CONFIDENTIAL (CLOSED SESSION)  

CONFIDENTIAL ITEMS (CLOSED MEETING)

Council's Code of Meeting Practice allows members of the public present to indicate whether they wish to make representations to the meeting, before it is closed to the public, as to whether that part of the meeting dealing with any or all of the matters listed should or should not be considered in closed session.

 

RECOMMENDATION:

That in accordance with the provisions of Part 1 of Chapter 4 of the Local Government Act 1993, the following matters be considered in closed Meeting at which the press and public are excluded.

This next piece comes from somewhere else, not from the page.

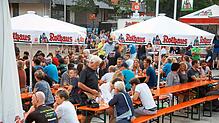 Bei der Jubiläumsparty des Schwarzwald-Bike-Marathons auf dem Robert-Gerwig-Platz herrscht tolle Stimmung. Bilder: Stefan Heimpel
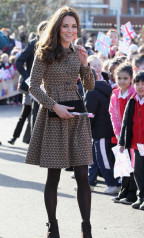 Catherine, Duchess of Cambridge фото №469367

CCL042A-20     Code of Conduct Investigation Report: Councillor Christina Wu

(Report by Complaint Coordinator (Director, Legal Services and General Counsel))

THAT in accordance with the provisions of Part 1 of Chapter 4 of the Local Government Act 1993, the matters dealt with in this report be considered in closed Council Meeting at which the press and public are excluded. In accordance with Section 10A(2) (I) it is considered the matter alleged contraventions of any code of conduct requirements applicable under section 440 of the Local Government Act 1993.

THAT in accordance with Section 10D it is considered that if the matter were discussed in an open Council Meeting, it would on balance, be contrary to the public interest as it alleged contraventions of any code of conduct requirements applicable under section 440 of the Local Government Act 1993.

 

CCL043A-20     Code of Conduct Investigation Report: Councillor Vince Badalati

(Report by Complaint Coordinator (Chief Audit Executive))

THAT in accordance with the provisions of Part 1 of Chapter 4 of the Local Government Act 1993, the matters dealt with in this report be considered in closed Council Meeting at which the press and public are excluded. In accordance with Section 10A(2) (I) it is considered the matter alleged contraventions of any code of conduct requirements applicable under section 440 of the Local Government Act 1993.

THAT in accordance with Section 10D it is considered that if the matter were discussed in an open Council Meeting, it would on balance, be contrary to the public interest as it alleged contraventions of any code of conduct requirements applicable under section 440 of the Local Government Act 1993.

 

That in accordance with the provisions of Section 11(2) of the Act, the reports and correspondence relating to these matters be withheld from the press and public.